PROVIDED RECORDS:
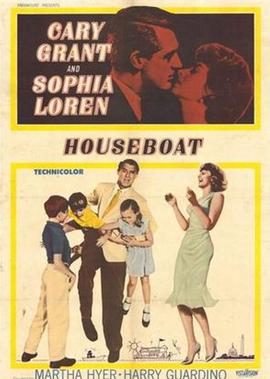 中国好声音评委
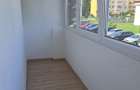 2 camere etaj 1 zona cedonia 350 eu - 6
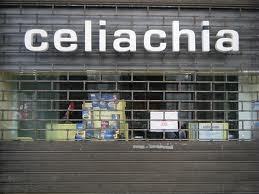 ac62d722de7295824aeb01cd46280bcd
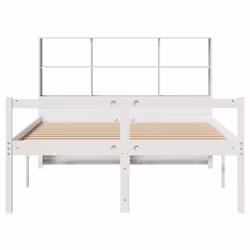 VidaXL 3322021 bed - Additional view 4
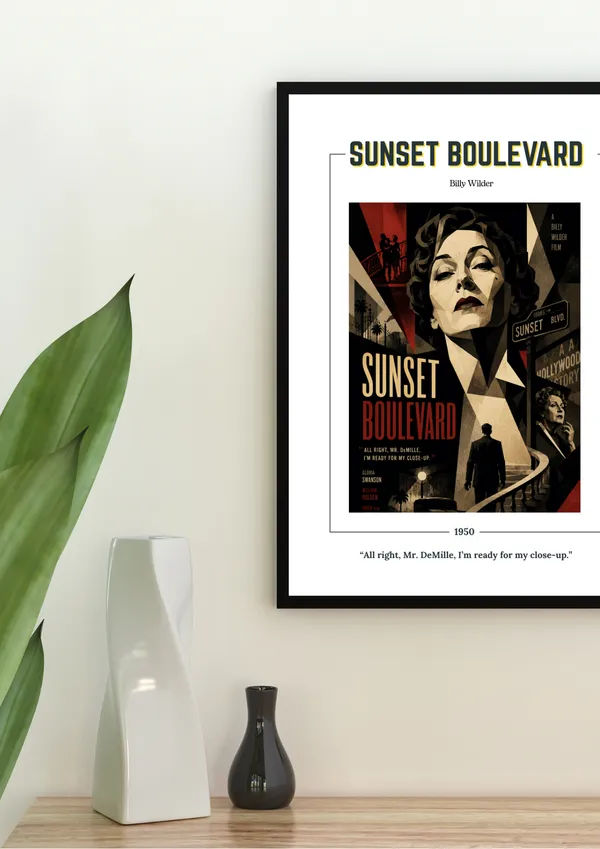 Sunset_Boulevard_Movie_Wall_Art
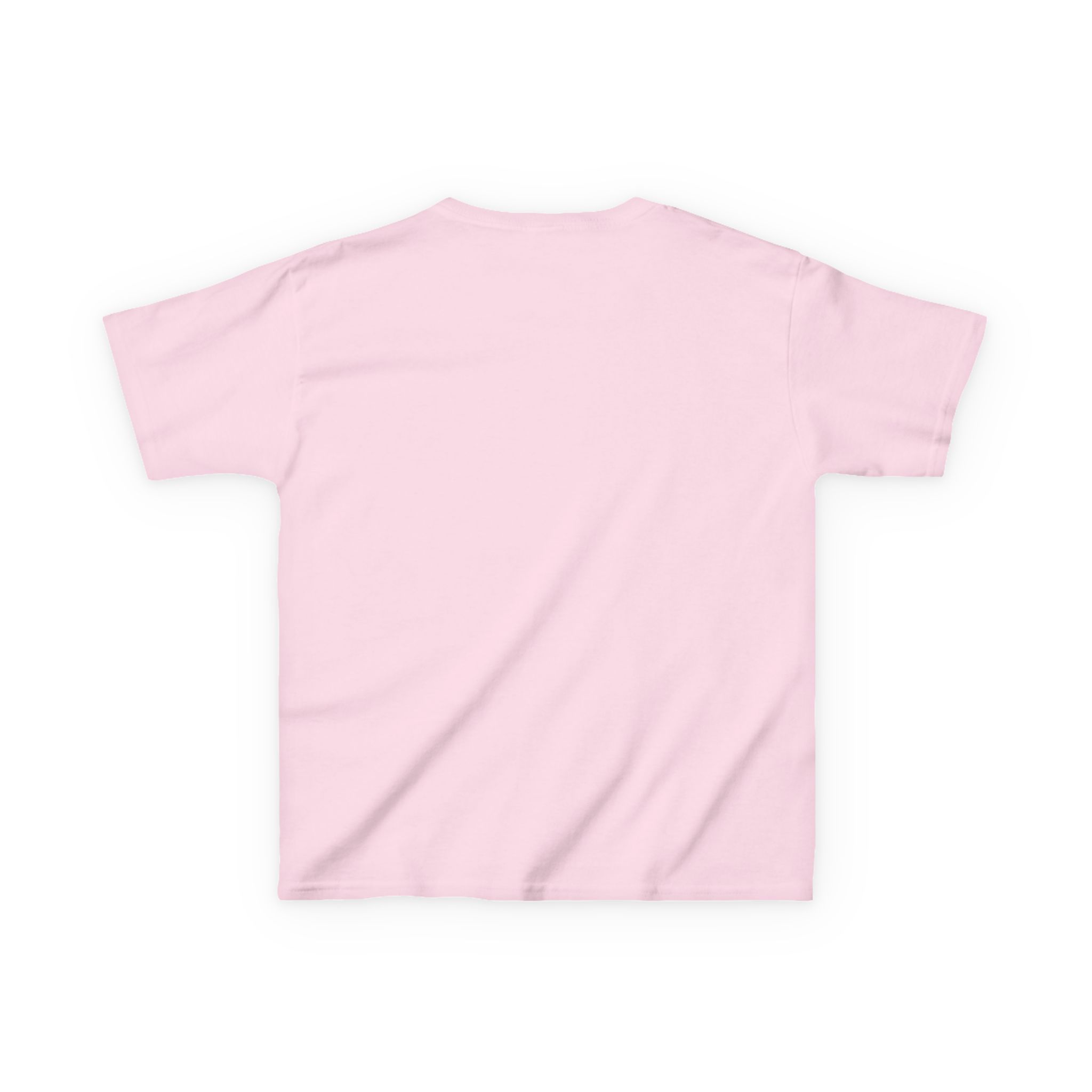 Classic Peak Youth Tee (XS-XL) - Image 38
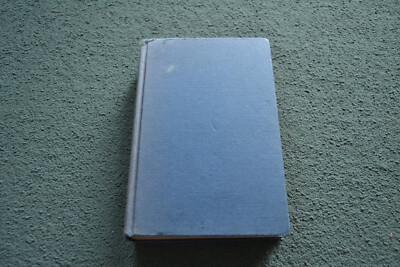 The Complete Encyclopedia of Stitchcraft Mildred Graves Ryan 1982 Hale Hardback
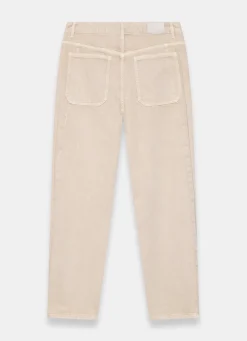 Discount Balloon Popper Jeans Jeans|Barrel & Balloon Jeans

DIRECTIONS FOR THIS TASK: Once the line containing "VidaXL 3322021 bed - Additional view 4" is found, transcribe it and every line after it to the end of the records, exactly and with no pictures.

ANSWER TO THIS PROBLEM:
 VidaXL 3322021 bed - Additional view 4
 Sunset_Boulevard_Movie_Wall_Art
 Classic Peak Youth Tee (XS-XL) - Image 38
 The Complete Encyclopedia of Stitchcraft Mildred Graves Ryan 1982 Hale Hardback
 Discount Balloon Popper Jeans Jeans|Barrel & Balloon Jeans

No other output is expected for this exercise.